Unlike knitting, crochet cannot be done by machine. Though the aesthetic can be approximated, the real thing requires human hands. I could say the same about creative arts in general. In the past few years, image-generation neural networks have advanced to the point of making false pictures that look almost entirely real, and a new type of “AI artist” has learned to leverage this technology to generate almost any image they want. They hone the wording of their prompts, perhaps with rounds of refinement to adjust certain aspects of the image. Usually, such “art” ends up one of two ways: either it has bizarre flaws such as too many fingers on one hand and too few on the other—or it is so perfect, shiny, and idealized that it gives a creepy, uncanny-valley effect. On the surface, it looks very similar to art; on a deeper level, its generation came from a machine that simply does not understand how hands are supposed to work.

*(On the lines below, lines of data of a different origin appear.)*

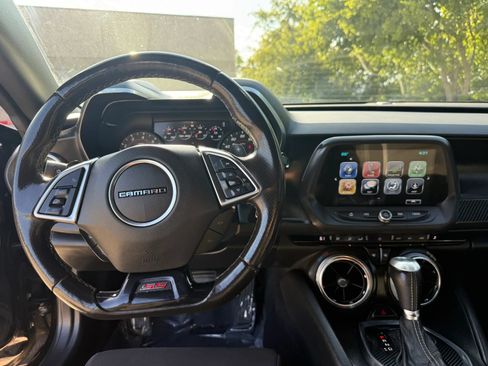 Used 2018 Chevrolet Camaro SS RWD image 15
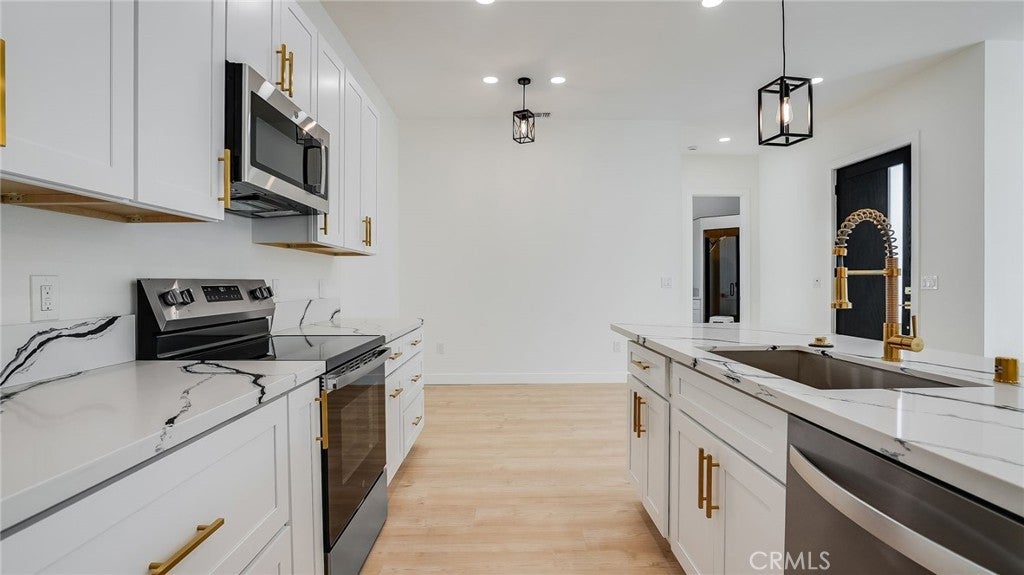 1822 Pomona, Costa Mesa CA 92627 - Photo 9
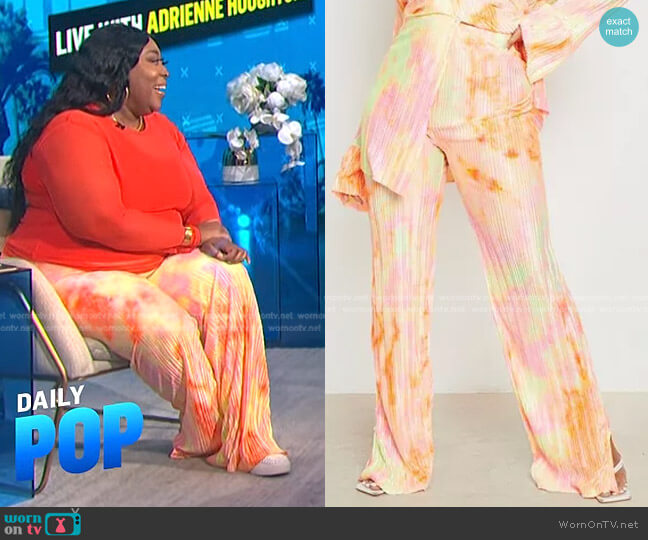 Boohoo Plisse Tie Dye Ruffle Hem Trousers worn by Loni Love on E! News
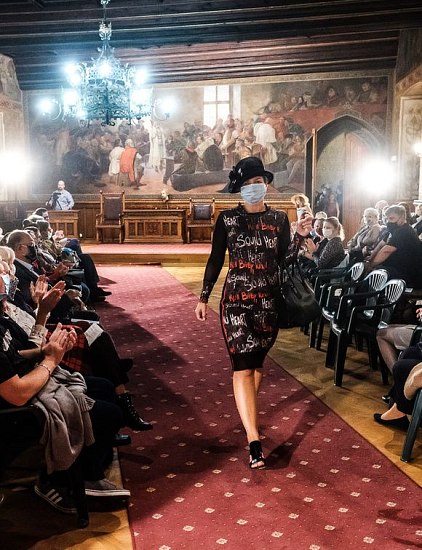 20201007010152-f95ef26c-la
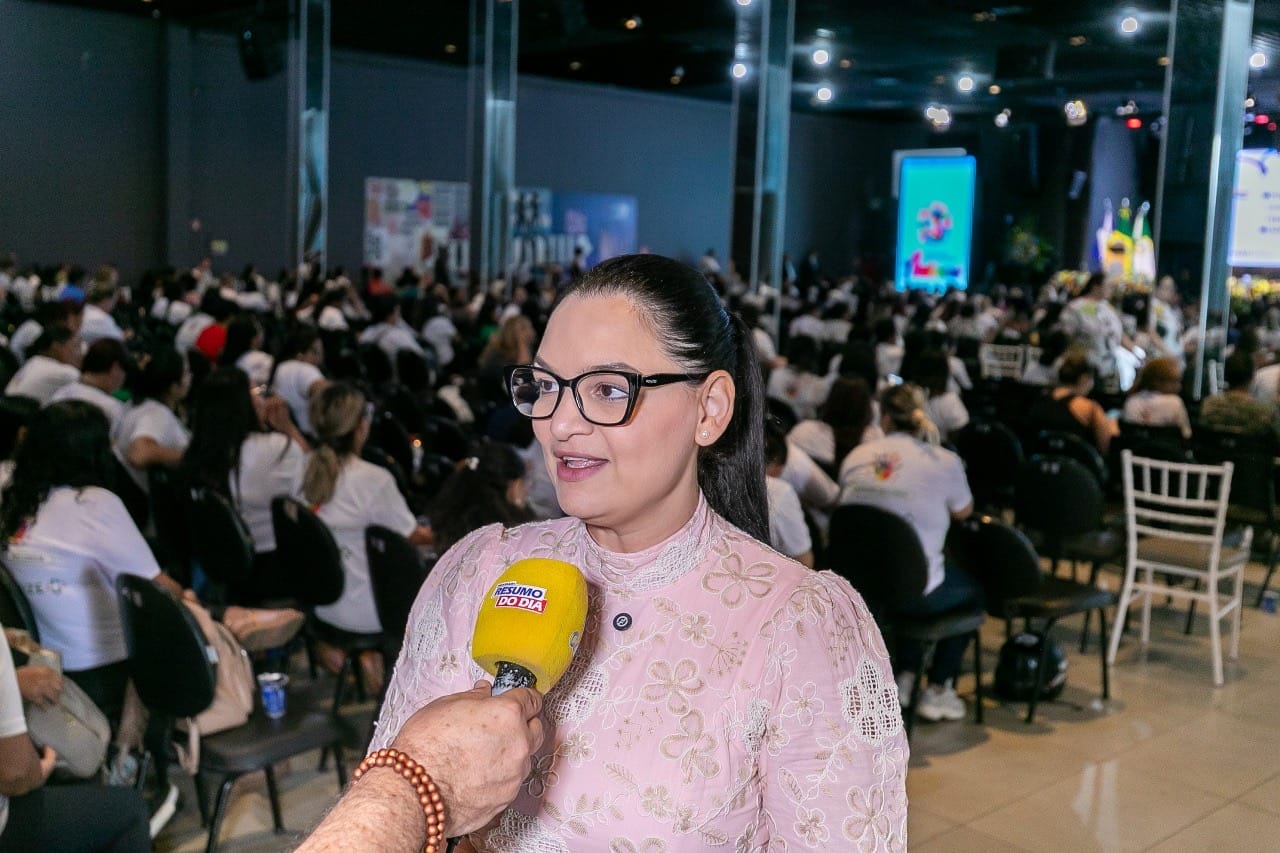 Primeira-dama reforça papel das cuidadoras e destaca parceria entre TJMT e Prefeitura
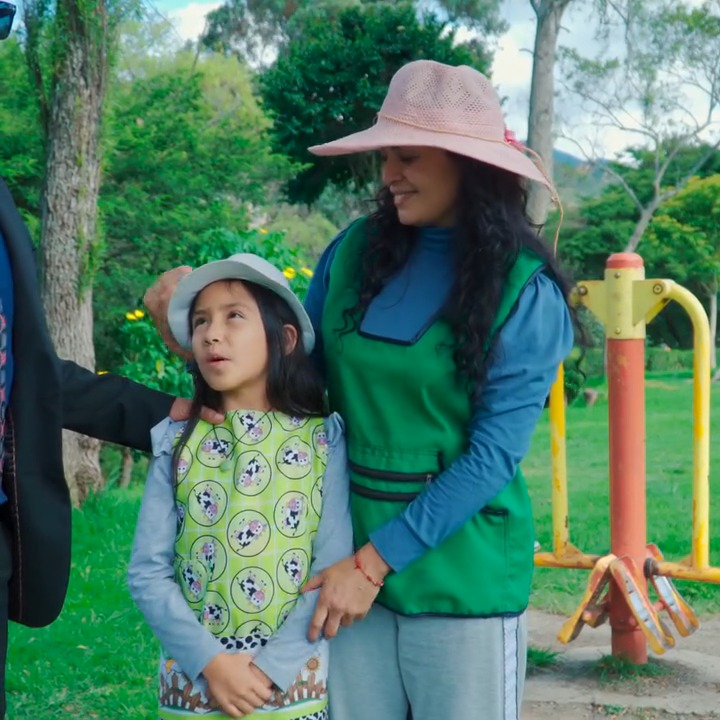 [COMPLETE] 420M0905 AF320 Hombre ciego impide un robo sin imaginar que encontraría el amor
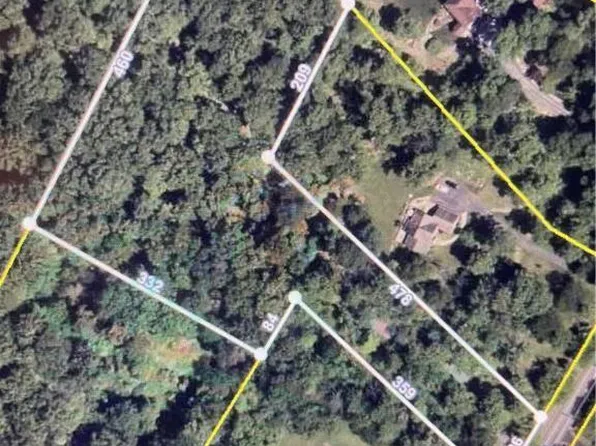 590 Hexenkopf Rd, Hellertown, PA 18055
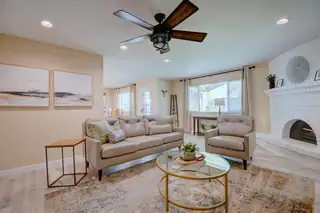 7300 Appomattox Place NE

Artists who don’t outsource to machine learning algorithms argue that human-made art is set apart by the intention put into it. Someone who has studied light and shadow can choose where to set the light source for a painting. Then they add in the shadows and highlights, perhaps also the scattering or bounce lights, accordingly. A crochet pattern made by a person can easily count that doubling every stitch in a row of 6 stitches will lead to 12 stitches in the next row. They might also intentionally shift the spacing of increases in the next rows to help maintain even roundness. It might take a long time to make something. Or if it’s quick, years of practice have carved the muscle memory that looks effortless. There’s thoughtfulness, passion, even love. It’s harder to feel unlovable when someone gifts you a little toy animal in which every choice, every stitch, was made with care.
This love within human creativity, like all love, reflects our Creator. He spoke the world into existence starting from “Let there be light.” He called it “good” and humans “very good.” Psalm 139:13–14 says—
“For you formed my inward parts;
you knitted me together in my mother’s womb.
I praise you, for I am fearfully and wonderfully made.
Wonderful are your works;
my soul knows it very well.”
I recently had a talk with a friend who reminded me that God is Creator, and His creation is beautiful. It follows that if we are His creation, we are also beautiful. In truth, I still struggle to believe I am “fearfully and wonderfully made.” So often I feel broken, either internally or by outside circumstances, and I cry out to God to ask why. What was the intention behind the trauma, the stress, the heartbreak? If I am a work in progress, still being made “perfect and complete” by “trials of various kinds” (James 1:2–4), is that work truly being done with care and love?
It must be. If I love “because He first loved us” (1 John 4:19) and that love drove me to crochet a stuffed rabbit wearing a little dress to gift to a child I have never met—what if love drives God to make me, continuously, to love others in need? Or even to generate joy via my simple existence? It still boggles my mind that I mean something to the Creator of the universe, imperfect as I am, and yet the prophet Zephaniah has said—
“he will rejoice over you with gladness;
he will quiet you by his love;
he will exult over you with loud singing.”